22 Temmuz 2012 Pazar

İçimdeki boşlukları doldurunuz Vol. 1

Ve kaybolan yazıyı buldum....  Bakmadan yayınlıyorum.

Truvalı Helen


 Truvalı Helen'in Hektor'u ölüme yolcu ederkenki bir duruşu vardır filmde, beni en çok etkileyen sahnelerden biridir, içimi bomboş eder. Filmi ilk izlediğimde de öyle olmuştu, sanki oradaki Helen bendim. Aşkım uğruna vebalini ödeyemeyeceğim şeylere neden olmuştum... Olmuşumdur, hepimiz vebalini ödeyemediğimiz şeyler yaşamızdır belki. Belki de onları ödediğimiz içindir bu boşluklar. Öldürürken göz yaşı döken Hektor, filmde gösterildiği ve aslında öyle anlatılmayan Hektor'un cesedini babasına vermeden hazırlarken Akhilleus'un döktüğü göz yaşları. Birini öldürmek kolay değil, bedeli de.

Bu boşluklar bazen gelir beni ziyaret eder. Mesela ilk paketler evden çıkarken, hani şu bahsettiğim Ümraniye'de otuz kedi ve ikisi felçli sekiz köpek bakan kadına, annemin çok giydiği, tiril tiril rahat ve eski, bana göre olmayan bir bluzunu bulmuştum, yıkamış asmışım, poşete ekledim ve eklerken içimde o boşluk oluştu, annem dedim, göz yaşlarımı içime akıttım. Bazı şeyler çok o kişidir ya, bu da öyle bir şeydi. O boşluk kadının sevinci ile geçti.

İkinci ve daha büyük boşluk Geçen hafta salı günü yarım gün içinde ikinci bir dokuz paket çıkarırken oluştu, o kadar kısa sürede o kadar çok şeye karar vermiştik ki, ikimizin de nevri dönmüştü, çok yorulmuştuk. Fotoğraflarını çektim çocukluk kıyafetlerimin.

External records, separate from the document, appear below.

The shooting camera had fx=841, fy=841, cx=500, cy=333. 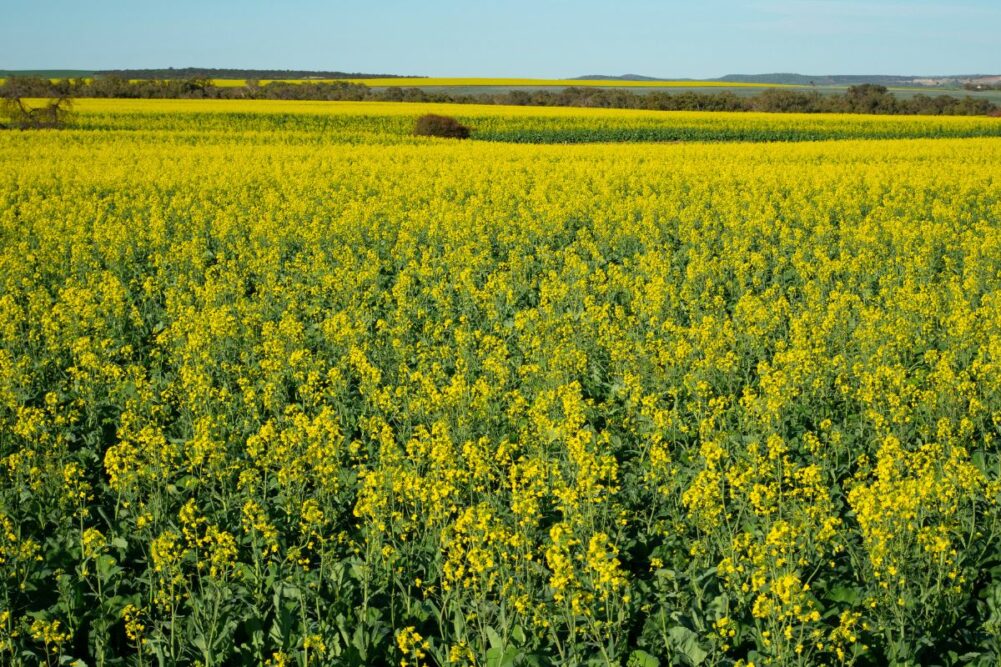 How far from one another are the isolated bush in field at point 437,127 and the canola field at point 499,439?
2940 centimetres

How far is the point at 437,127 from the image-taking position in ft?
158

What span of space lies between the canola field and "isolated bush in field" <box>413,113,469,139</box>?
96.5 ft

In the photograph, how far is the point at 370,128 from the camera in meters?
52.3

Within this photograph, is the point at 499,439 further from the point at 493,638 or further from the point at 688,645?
the point at 688,645

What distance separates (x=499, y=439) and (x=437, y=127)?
42545 mm

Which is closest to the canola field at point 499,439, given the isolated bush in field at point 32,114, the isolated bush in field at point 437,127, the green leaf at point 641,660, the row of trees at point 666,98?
the green leaf at point 641,660

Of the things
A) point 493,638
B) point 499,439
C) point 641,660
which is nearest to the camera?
point 641,660

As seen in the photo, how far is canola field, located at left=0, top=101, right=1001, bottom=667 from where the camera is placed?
16.6ft

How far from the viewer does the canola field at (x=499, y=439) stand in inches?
199

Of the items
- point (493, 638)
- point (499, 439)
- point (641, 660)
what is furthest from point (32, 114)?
point (641, 660)

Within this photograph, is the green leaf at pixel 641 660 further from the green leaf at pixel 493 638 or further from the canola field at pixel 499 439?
the green leaf at pixel 493 638

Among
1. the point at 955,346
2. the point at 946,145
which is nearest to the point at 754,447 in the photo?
the point at 955,346

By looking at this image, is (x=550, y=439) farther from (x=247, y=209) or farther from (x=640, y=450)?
(x=247, y=209)

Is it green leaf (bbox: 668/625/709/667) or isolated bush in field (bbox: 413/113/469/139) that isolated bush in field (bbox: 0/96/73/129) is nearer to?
isolated bush in field (bbox: 413/113/469/139)
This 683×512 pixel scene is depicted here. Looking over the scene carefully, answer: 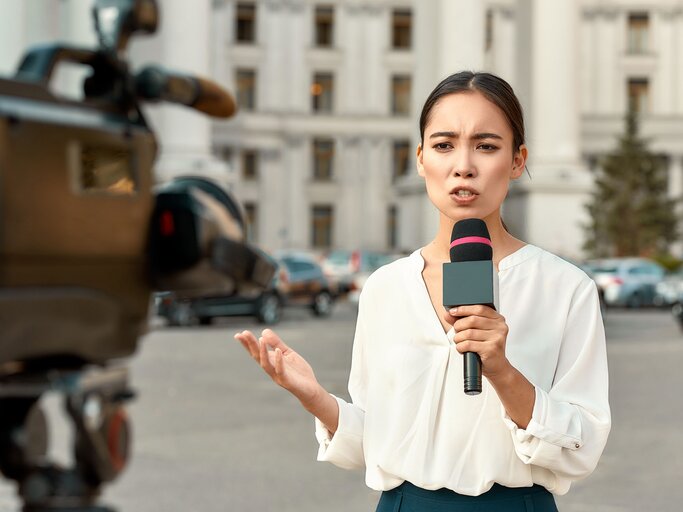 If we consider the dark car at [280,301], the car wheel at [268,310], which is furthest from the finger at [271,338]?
the car wheel at [268,310]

Attığım şeylerin bir kısmının fotoğrafını çekiyorum. Anısı dijital de olsa kalsın diye. Bir arkadaşım bugün bunun da sağlıklı olmadığı, hala bağlı kaldığımı söyledi. Belki de öyledir, belki de dijital kayıtları da silmenin vakti gelir. Bilemem.

Ertesi gün içimde oluşan boşluğu anlatamam, canım yanıyordu. Hüngür hüngür ağlamak istiyordum, üzerimde bir önceki günün yorgunluğu. Donakaldım.

Zaten hep donakladığım için olmuyor mu bunlar? Akıtsam göz yaşlarımı? Ağlasam? Truva filmini izlerkenki gibi, aşkı, tutkuyu, hırsı, bir şehrin, bir ülkenin düşüşünü izlerkenki gibi.

İzlerken yarıdan yakaladık ve Emily'deydim, Emily bana doğum günü hediyesi elbise almış, giydirdi, efil efil giyersin dedi, tıpkı o dönemin kıyafetleri gibi. Giderken de 'Hadi git ve yaz,' dedi.

Truva hep özel bir yer oldu benim için, bir kere gidebildim, tuhaf hissettim. Uzun süre nickim Truvalı Helen'di, filmden çok önce. Nickim derken sözlüklerde aramayın, öyle nick değil, bir nevi lakap, bugün hatırladım. Bir zamanlar bana Truvalı Helen derlerdi.

O yaşananların içimde bir kama ile bir şeyleri kazıması boşa değil, neden böyle boşluk oluştu yine? Halbuki atma ve düzenleme çalışmalarıma devam ediyorum. Bunları yaptıkça kendimi daha iyi hissediyorum. Bugün benim için çok değerli bir çizimimi attım mesela. Parçalanmış pisi pisilerimi attım, nasıl olsa yenisini almıştım...

Emily yaz dedi ama ne yazayım bilmiyorum ki. Bugün ona bir şey anlattım. bana sürekli sorduğu bir soru vardı. O soruyu her sorduğunda neden bu kadar sinirlendiğimi ve tepki verdiğimi anlattım. İçimi acıtan şey görünürde olan şey değildi ve bunu çok sonra fark ettim. Tıpkı çilekler gibi.